# ABOUT THIS EXERCISE:
Return the data below unchanged. Drop any pictures.

# PROVIDED RECORDS:
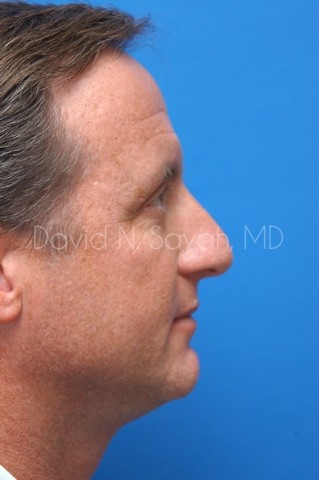 Rhinoplasty Before and After | Sayah Institute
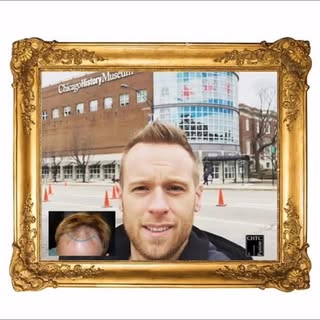This happens to be one of my favorite patients. His hairline restoration surgery results are epic. W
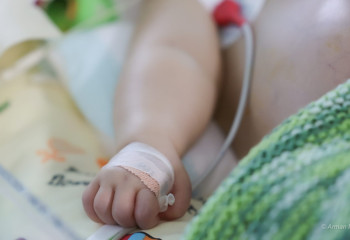 Индийские хирурги провели уникальную операцию грудному ребенку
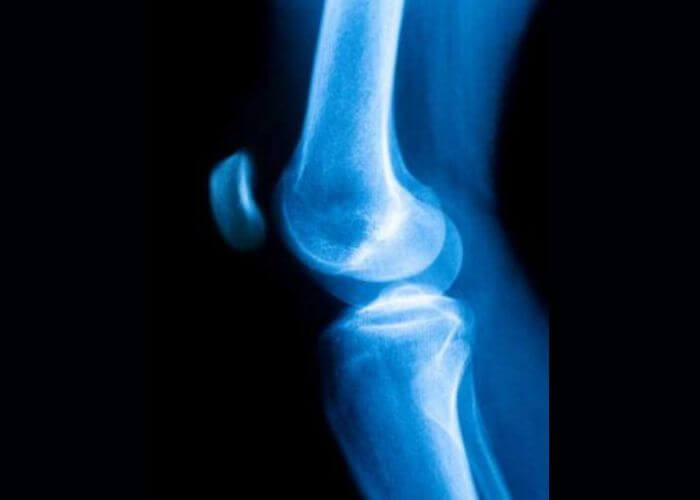 Patellar Chondral Defect Lesion Kneecap Cartilage Injury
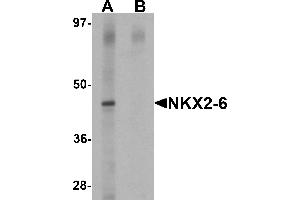 Western blot analysis of NKX2-6 in mouse spleen tissue lysate with NKX2-6 antibody at 1 µg/mL in (A) the absence and (B) the presence of blocking peptide.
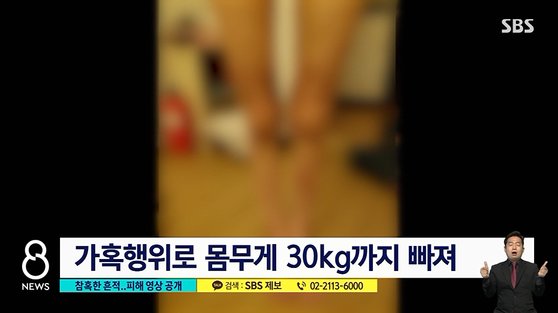 강원도 원주의 한 유흥업소에서 일하는 종업원들이 감금 생활 중 촬영한 몸 상태. [SBS 뉴스8 방송화면 캡처]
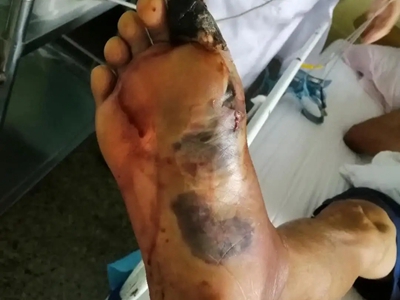 湿性坏疽症状图片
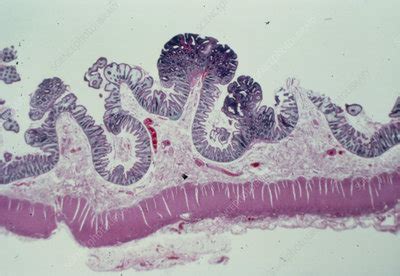 LM of human colonic polyps (tubular adenomas) - Stock Image - M108/0083 - Science Photo Library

# SOLVED PROBLEM:
 Rhinoplasty Before and After | Sayah Institute
This happens to be one of my favorite patients. His hairline restoration surgery results are epic. W
 Индийские хирурги провели уникальную операцию грудному ребенку
 Patellar Chondral Defect Lesion Kneecap Cartilage Injury
 Western blot analysis of NKX2-6 in mouse spleen tissue lysate with NKX2-6 antibody at 1 µg/mL in (A) the absence and (B) the presence of blocking peptide.
 강원도 원주의 한 유흥업소에서 일하는 종업원들이 감금 생활 중 촬영한 몸 상태. [SBS 뉴스8 방송화면 캡처]
 湿性坏疽症状图片
 LM of human colonic polyps (tubular adenomas) - Stock Image - M108/0083 - Science Photo Library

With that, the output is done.